DESCRIPTION OF THE TASK: Without pictures, repeat exactly the lines from the one containing "Naples, FL 34109" through the end of the entries.

Short text fragments from websites:
___
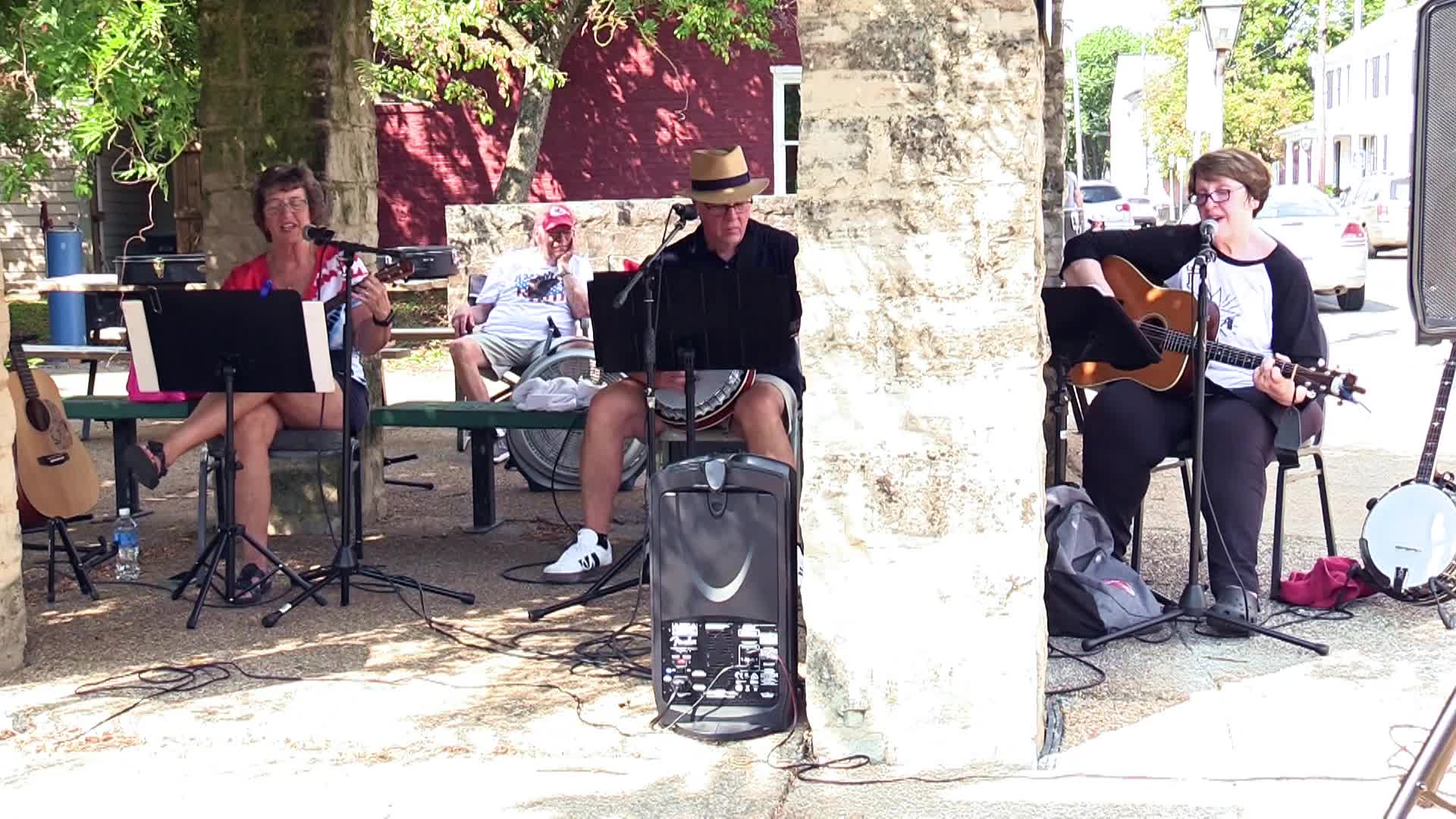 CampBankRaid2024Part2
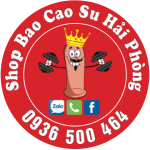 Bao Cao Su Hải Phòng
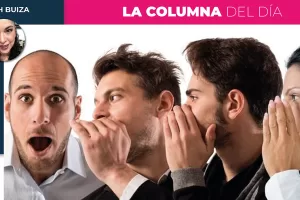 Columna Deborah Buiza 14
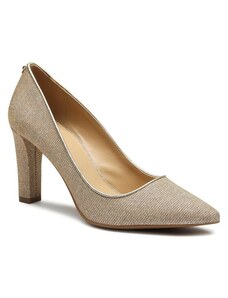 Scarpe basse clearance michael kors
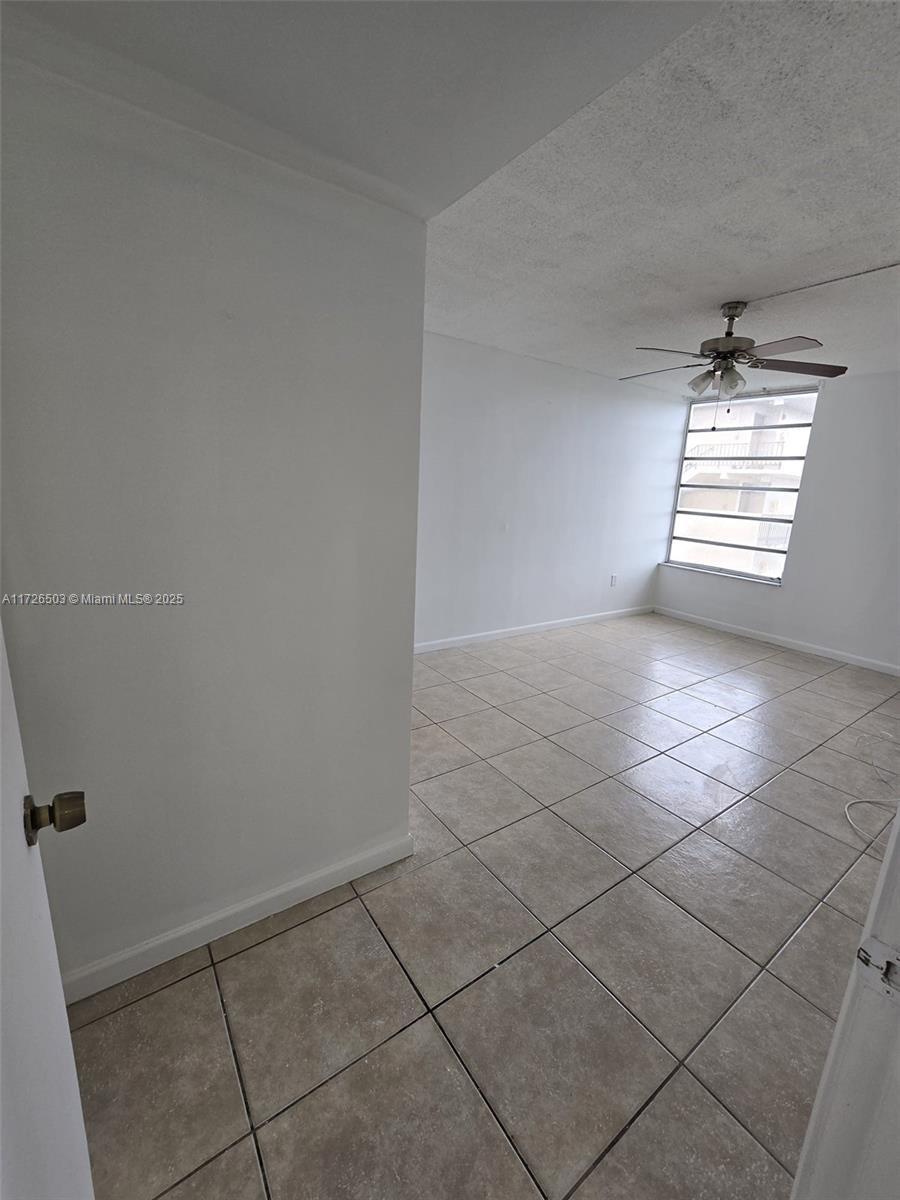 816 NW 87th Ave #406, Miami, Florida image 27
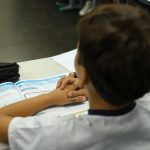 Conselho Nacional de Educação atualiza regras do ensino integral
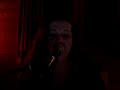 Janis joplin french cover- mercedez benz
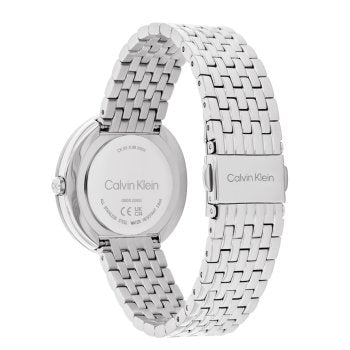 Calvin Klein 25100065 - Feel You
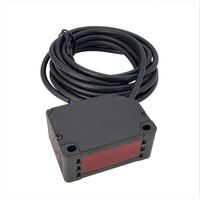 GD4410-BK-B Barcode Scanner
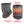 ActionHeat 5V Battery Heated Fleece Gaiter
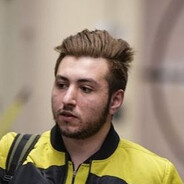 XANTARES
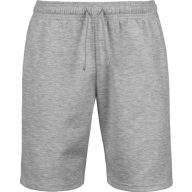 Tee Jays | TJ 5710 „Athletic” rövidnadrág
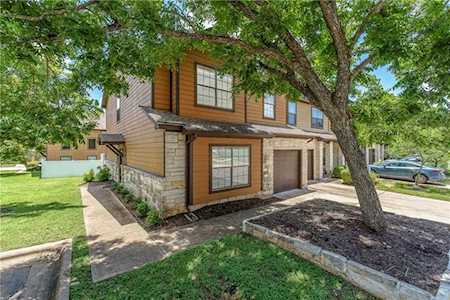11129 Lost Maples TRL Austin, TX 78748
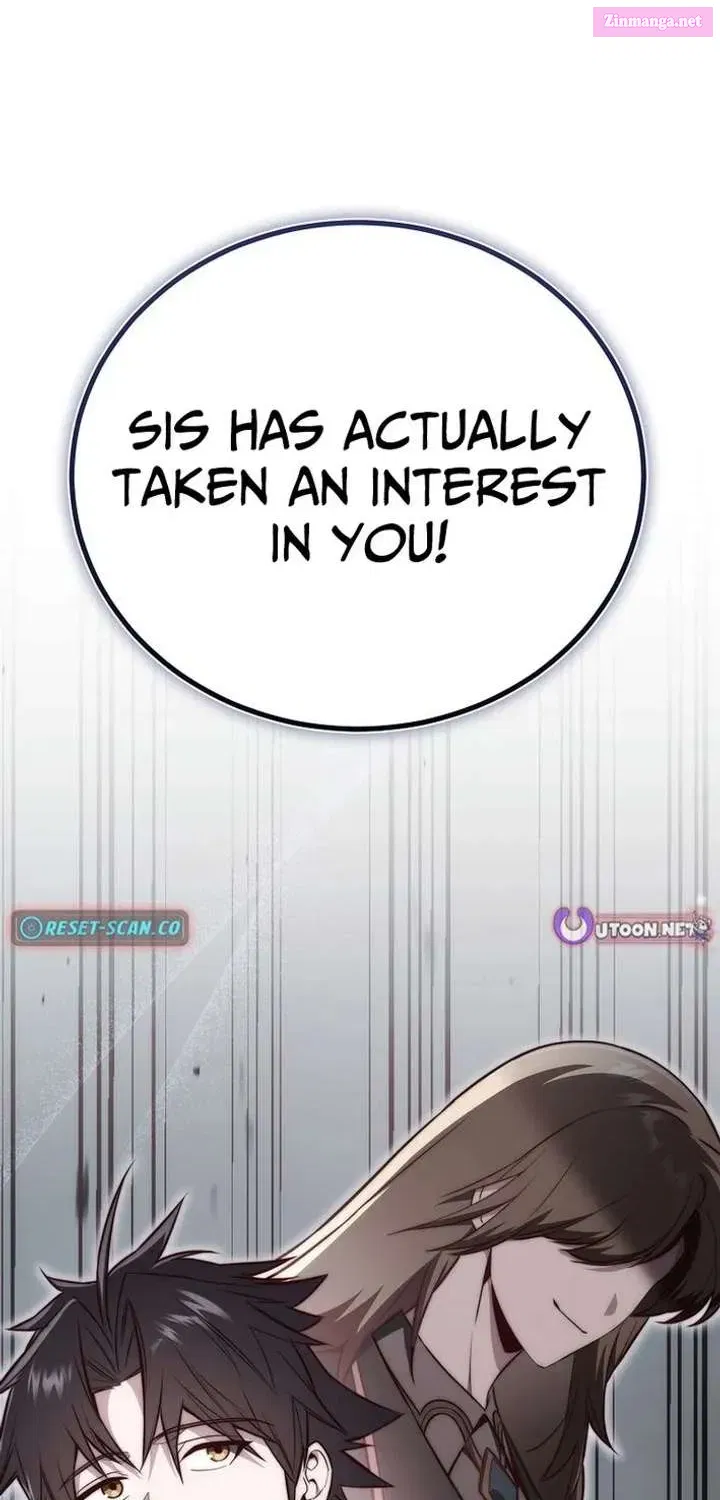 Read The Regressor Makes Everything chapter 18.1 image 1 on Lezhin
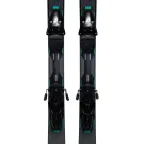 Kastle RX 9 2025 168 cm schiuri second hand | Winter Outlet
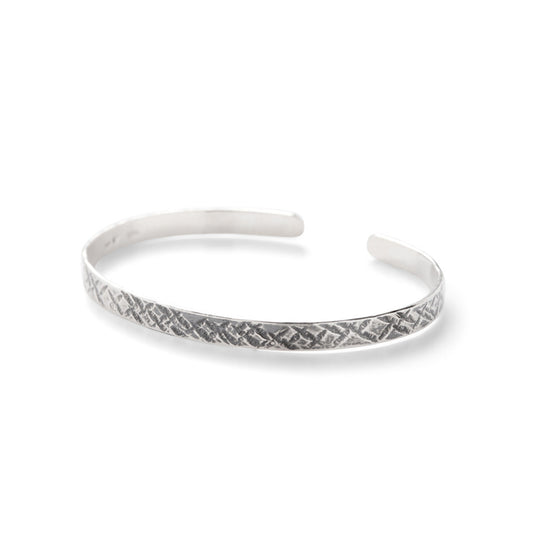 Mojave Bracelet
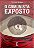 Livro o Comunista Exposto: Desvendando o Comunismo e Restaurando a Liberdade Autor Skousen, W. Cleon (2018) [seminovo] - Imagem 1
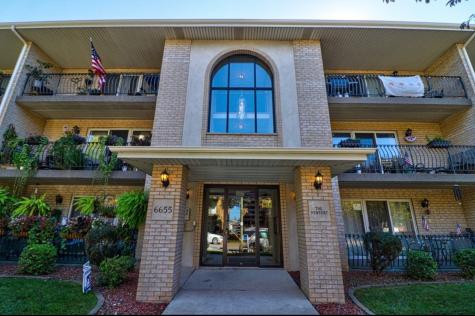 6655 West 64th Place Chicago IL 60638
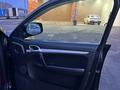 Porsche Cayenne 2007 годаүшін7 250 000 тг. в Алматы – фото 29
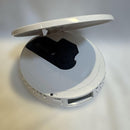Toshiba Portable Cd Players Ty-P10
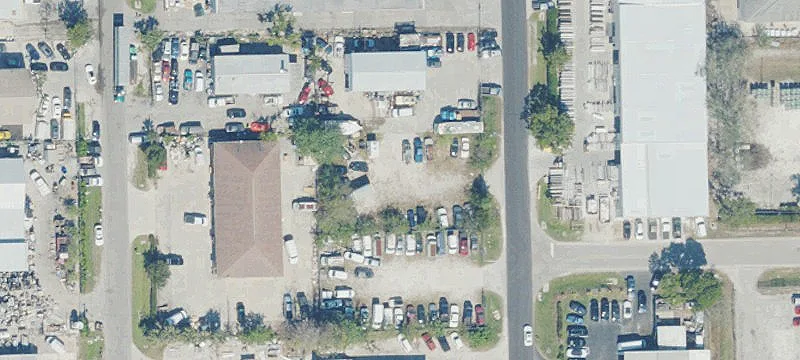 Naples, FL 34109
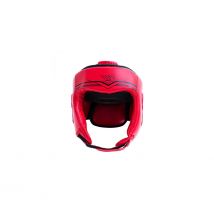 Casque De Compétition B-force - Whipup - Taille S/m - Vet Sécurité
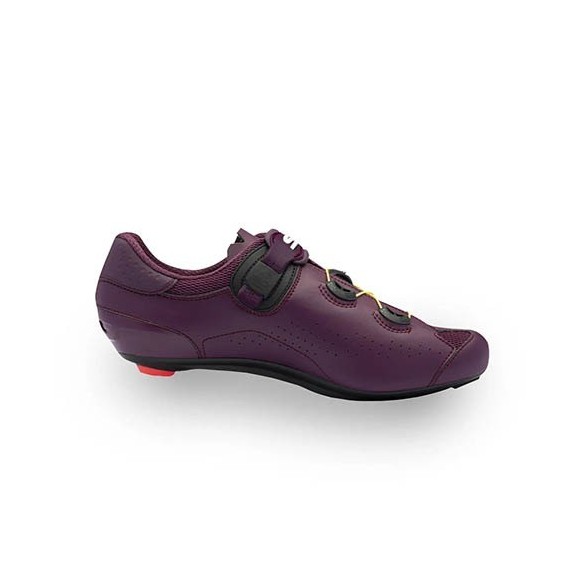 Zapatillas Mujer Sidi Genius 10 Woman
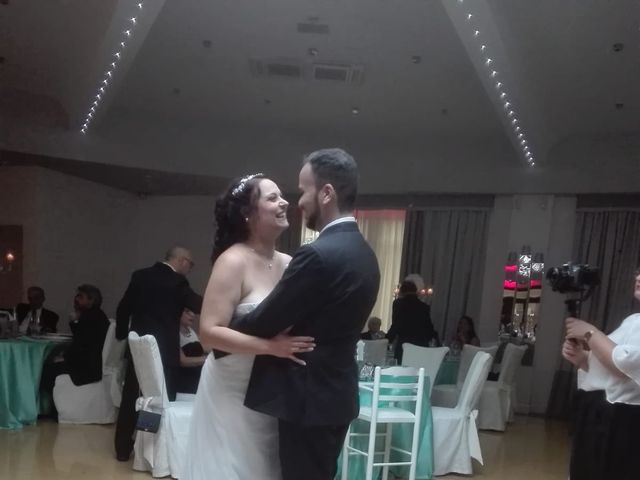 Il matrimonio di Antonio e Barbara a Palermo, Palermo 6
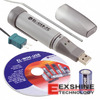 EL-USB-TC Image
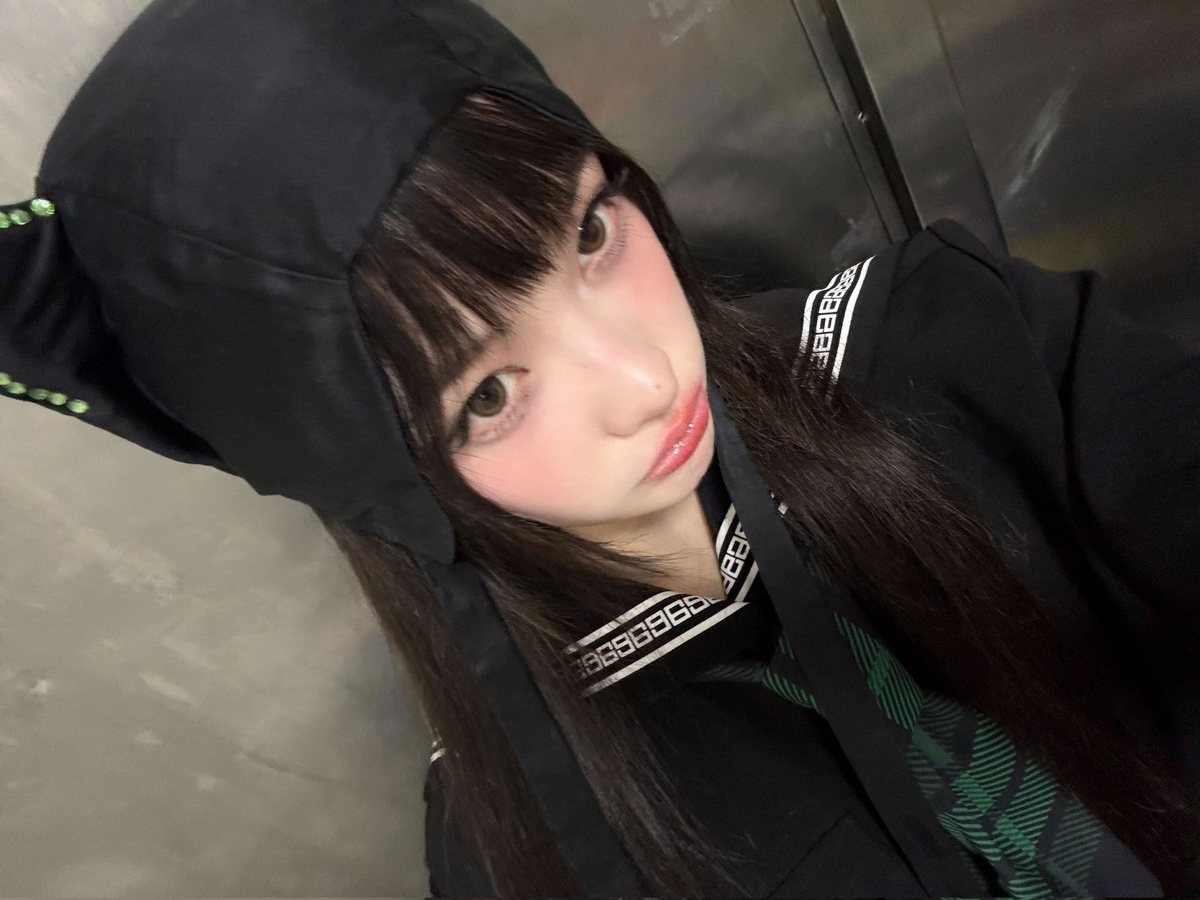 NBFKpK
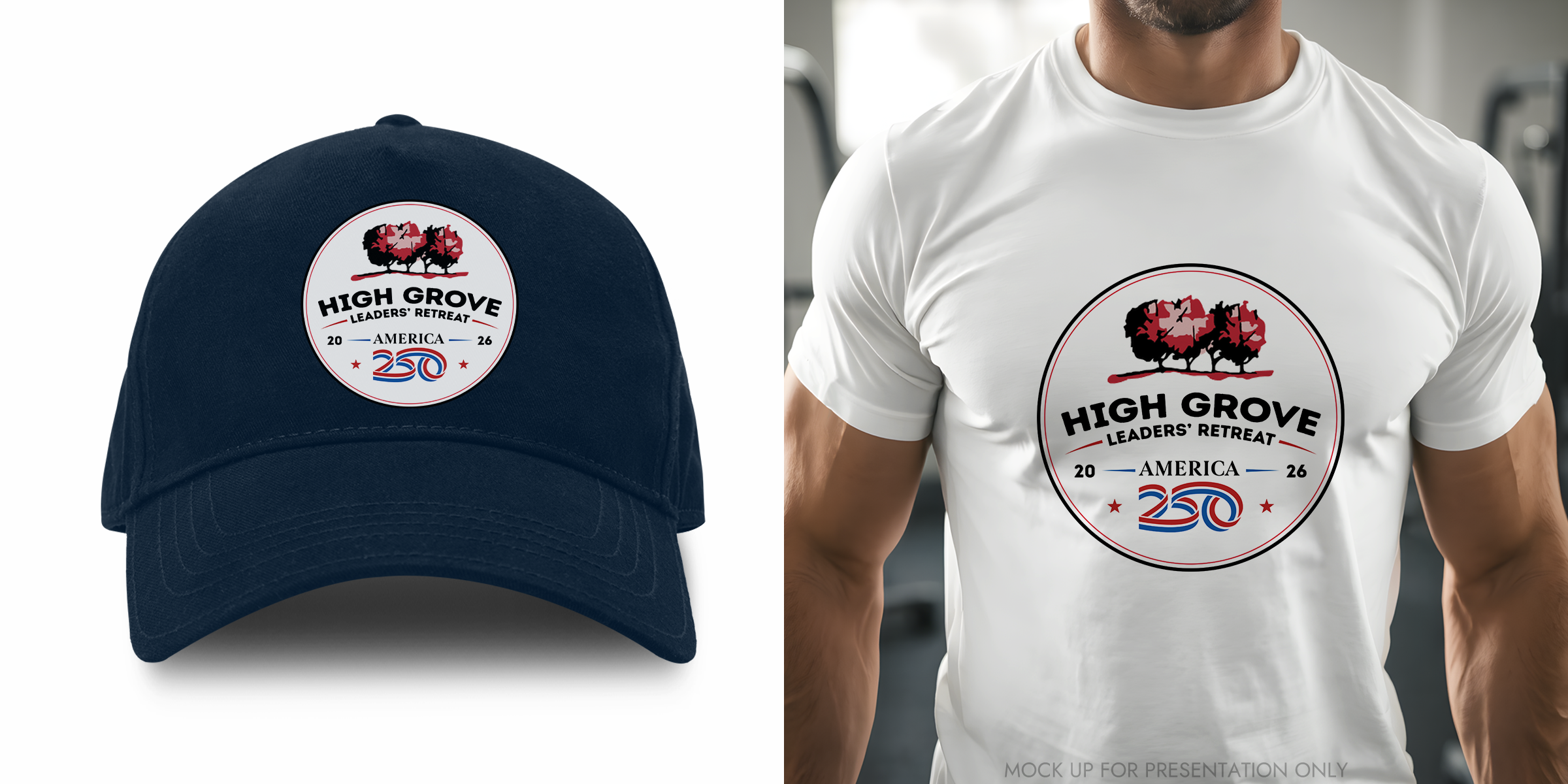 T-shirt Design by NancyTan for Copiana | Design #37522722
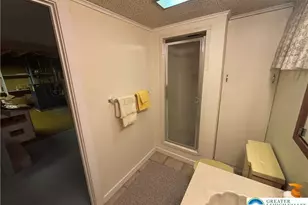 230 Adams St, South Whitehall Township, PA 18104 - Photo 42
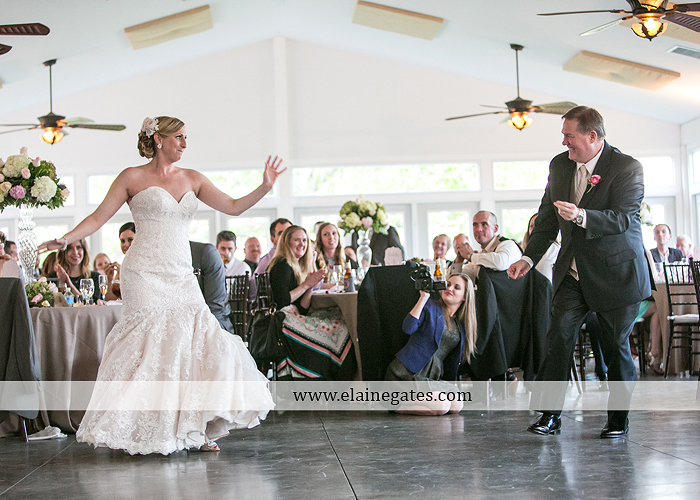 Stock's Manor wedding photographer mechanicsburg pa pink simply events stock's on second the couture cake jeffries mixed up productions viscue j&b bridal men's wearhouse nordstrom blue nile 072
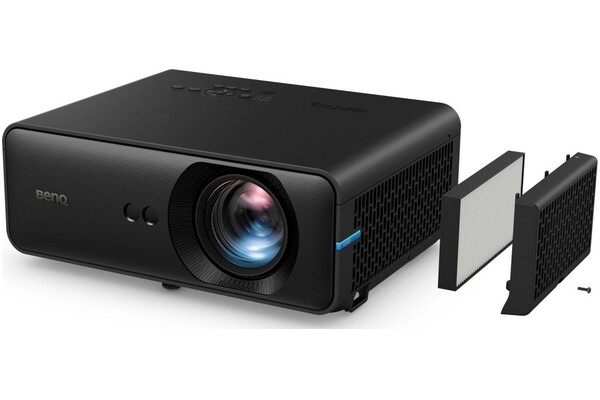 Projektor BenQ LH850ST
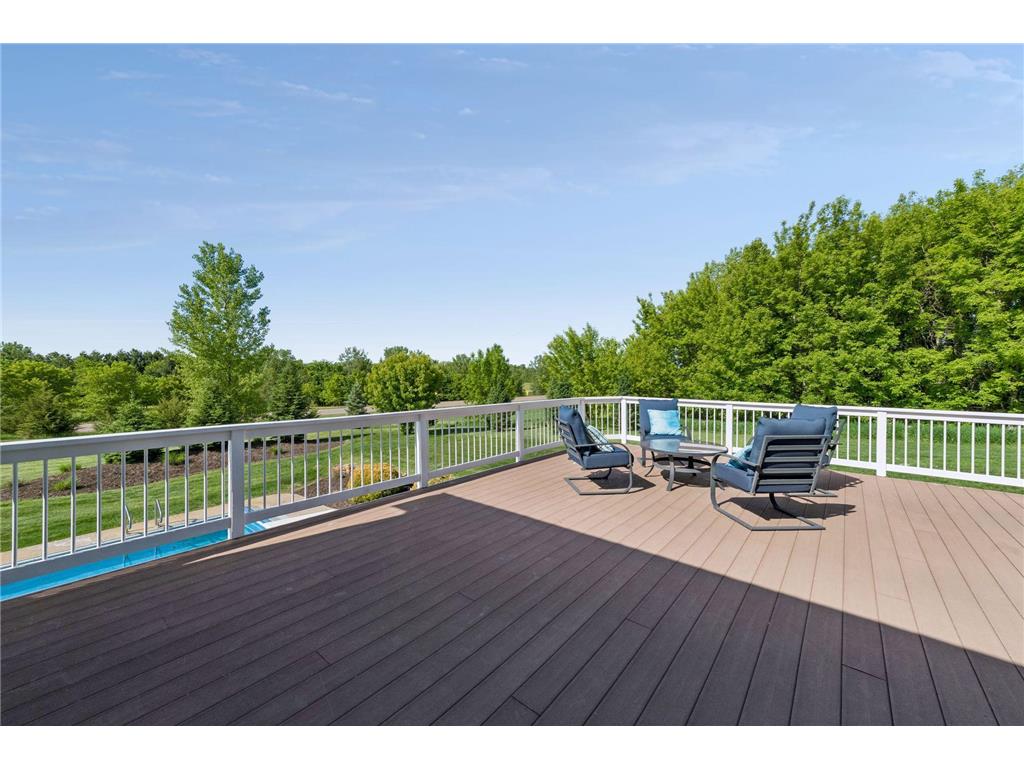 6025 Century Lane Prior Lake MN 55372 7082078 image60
___
RESPONSE TO THE TASK:
 Naples, FL 34109
 Casque De Compétition B-force - Whipup - Taille S/m - Vet Sécurité
 Zapatillas Mujer Sidi Genius 10 Woman
 Il matrimonio di Antonio e Barbara a Palermo, Palermo 6
 EL-USB-TC Image
 NBFKpK
 T-shirt Design by NancyTan for Copiana | Design #37522722
 230 Adams St, South Whitehall Township, PA 18104 - Photo 42
 Stock's Manor wedding photographer mechanicsburg pa pink simply events stock's on second the couture cake jeffries mixed up productions viscue j&b bridal men's wearhouse nordstrom blue nile 072
 Projektor BenQ LH850ST
 6025 Century Lane Prior Lake MN 55372 7082078 image60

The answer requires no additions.